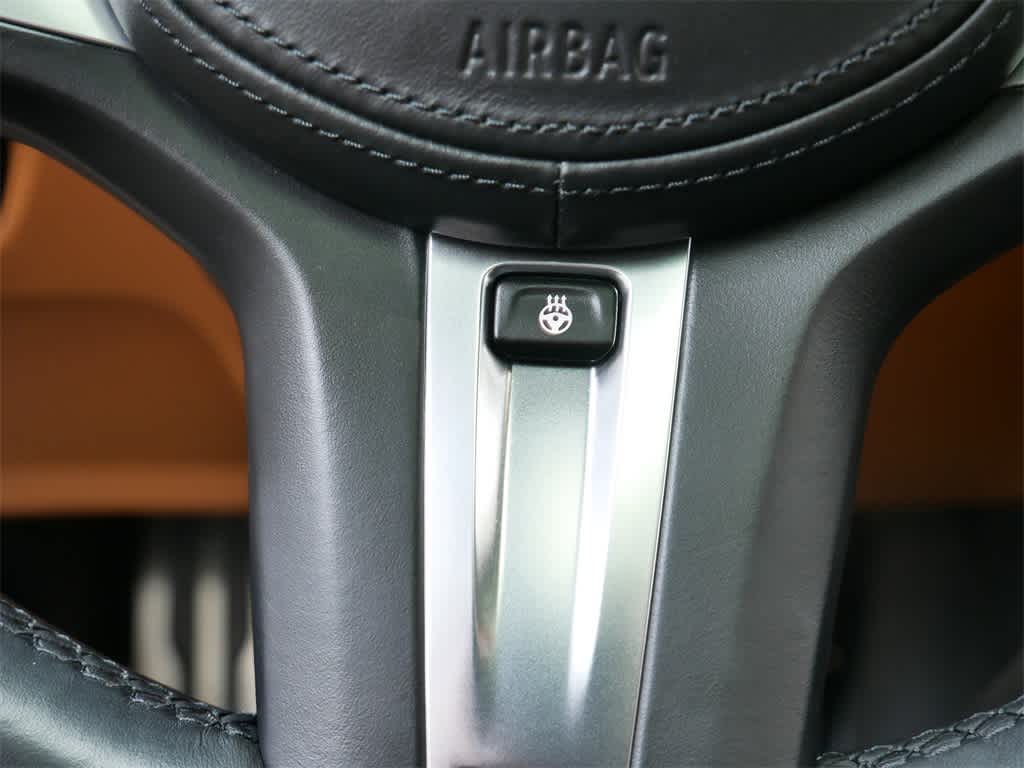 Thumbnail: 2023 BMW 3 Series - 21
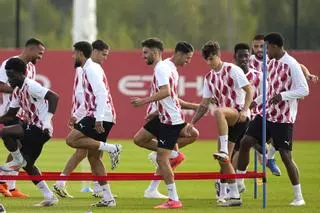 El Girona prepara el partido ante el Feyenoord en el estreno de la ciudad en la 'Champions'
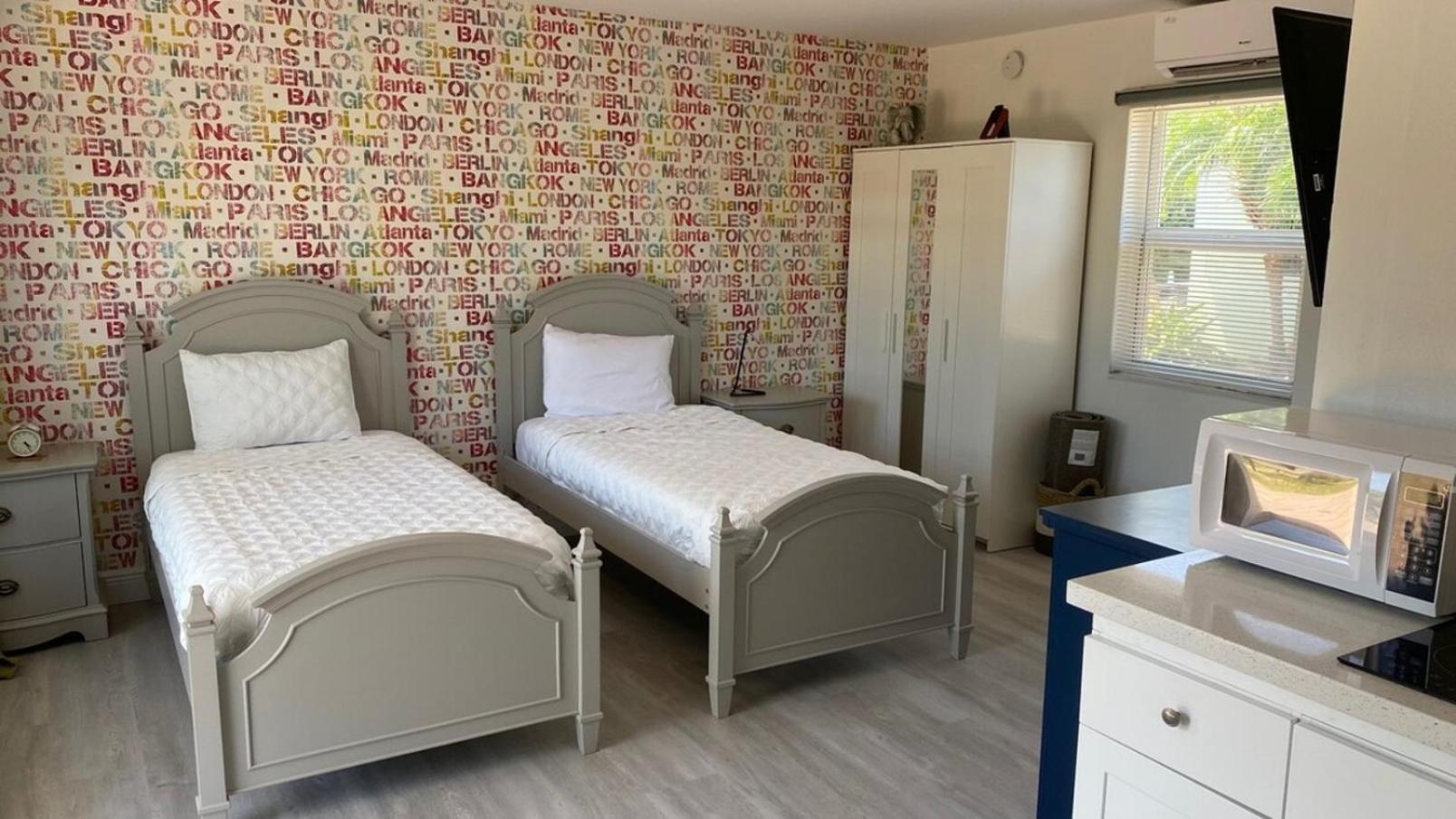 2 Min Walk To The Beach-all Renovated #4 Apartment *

--

Output all of the data word for word, excluding any pictures.

> _RESULT FOR THIS TASK_
 Thumbnail: 2023 BMW 3 Series - 21
 El Girona prepara el partido ante el Feyenoord en el estreno de la ciudad en la 'Champions'
 2 Min Walk To The Beach-all Renovated #4 Apartment *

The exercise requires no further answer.